If you select any words, only those words will be carried forward to the final coding process, and words not selected will be excluded. If you do not select any words, all displayed words will be carried forward to final coding.

Step 3 - Final Coding

The final coding process is where you refine the coding and the response category labels. The words selected in the pre-coding process provide the foundation for the final response categories. These are the labels you give to the key concepts. The initial response categories will be the words that were selected during pre-coding.

The final coding process involves reviewing the actual open-ended responses for each respondent, and using your understanding of the comment(s) to refine the response category labels. A response category label can be changed at any time. To change the text in a response category label, double click on the label.
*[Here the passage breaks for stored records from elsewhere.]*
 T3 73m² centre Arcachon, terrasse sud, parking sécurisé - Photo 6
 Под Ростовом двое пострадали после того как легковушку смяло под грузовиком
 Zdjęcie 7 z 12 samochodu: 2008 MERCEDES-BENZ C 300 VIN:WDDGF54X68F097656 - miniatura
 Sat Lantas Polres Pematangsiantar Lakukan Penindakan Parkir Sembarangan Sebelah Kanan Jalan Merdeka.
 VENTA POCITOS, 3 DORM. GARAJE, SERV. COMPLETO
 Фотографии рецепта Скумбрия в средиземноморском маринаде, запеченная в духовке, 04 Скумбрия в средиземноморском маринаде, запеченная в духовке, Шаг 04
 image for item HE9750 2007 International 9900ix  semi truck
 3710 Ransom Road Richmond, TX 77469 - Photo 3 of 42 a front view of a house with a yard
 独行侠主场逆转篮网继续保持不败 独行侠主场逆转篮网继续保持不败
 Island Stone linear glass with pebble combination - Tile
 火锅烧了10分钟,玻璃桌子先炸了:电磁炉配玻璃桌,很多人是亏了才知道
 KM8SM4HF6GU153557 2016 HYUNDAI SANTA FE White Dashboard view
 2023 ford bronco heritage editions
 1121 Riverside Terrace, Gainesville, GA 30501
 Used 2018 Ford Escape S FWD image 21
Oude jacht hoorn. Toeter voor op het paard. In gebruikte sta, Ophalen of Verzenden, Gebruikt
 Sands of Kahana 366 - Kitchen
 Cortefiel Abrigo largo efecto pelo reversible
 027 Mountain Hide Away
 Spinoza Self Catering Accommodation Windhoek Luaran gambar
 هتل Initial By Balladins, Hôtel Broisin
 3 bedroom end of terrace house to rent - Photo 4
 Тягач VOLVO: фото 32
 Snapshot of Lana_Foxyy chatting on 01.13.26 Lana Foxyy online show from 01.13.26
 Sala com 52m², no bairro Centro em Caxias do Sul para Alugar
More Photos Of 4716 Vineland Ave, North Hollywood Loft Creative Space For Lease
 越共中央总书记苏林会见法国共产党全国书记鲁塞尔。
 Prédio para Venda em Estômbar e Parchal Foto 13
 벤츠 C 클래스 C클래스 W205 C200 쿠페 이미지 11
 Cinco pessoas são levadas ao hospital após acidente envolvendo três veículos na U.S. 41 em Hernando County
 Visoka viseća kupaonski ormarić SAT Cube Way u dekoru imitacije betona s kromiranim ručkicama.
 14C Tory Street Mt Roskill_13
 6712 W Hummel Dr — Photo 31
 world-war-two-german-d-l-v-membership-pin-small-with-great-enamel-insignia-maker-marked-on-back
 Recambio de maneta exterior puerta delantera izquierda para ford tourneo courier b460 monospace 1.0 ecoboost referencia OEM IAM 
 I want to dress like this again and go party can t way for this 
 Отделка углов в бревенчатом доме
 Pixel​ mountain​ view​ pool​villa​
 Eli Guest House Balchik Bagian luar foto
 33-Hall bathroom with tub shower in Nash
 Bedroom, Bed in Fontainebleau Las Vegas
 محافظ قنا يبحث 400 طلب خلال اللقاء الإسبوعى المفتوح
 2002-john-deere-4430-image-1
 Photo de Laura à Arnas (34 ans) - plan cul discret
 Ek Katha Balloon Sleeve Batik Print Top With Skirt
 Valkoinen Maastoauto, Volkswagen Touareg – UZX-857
The text window (respondent's verbatim text) will appear at the left of the screen, and the response categories window will appear on the right. There will be an arrow to the left of all response categories that were mentioned by the respondent, and the key words in the text will be highlighted.

 

Select and Deselect a Response Category

Use the mouse to select and deselect a response category.  When a response category is selected, an arrow will appear to the left of that category. This means that the current respondent made a comment related to that response category. If a response category is not selected, there will be no arrow. Clicking to the left of the response category label (in the small area reserved for the arrows) will select or deselect that response category.

Change Records

A record is the same as a respondent. Thus, when we say changing records, it simply means displaying a different respondent's answer.  There are two ways to change records.

The first way is used to show a specific desired record. Click on the record number shown on the top left of the Context window. After clicking on the record number, change it to the desired record and press enter.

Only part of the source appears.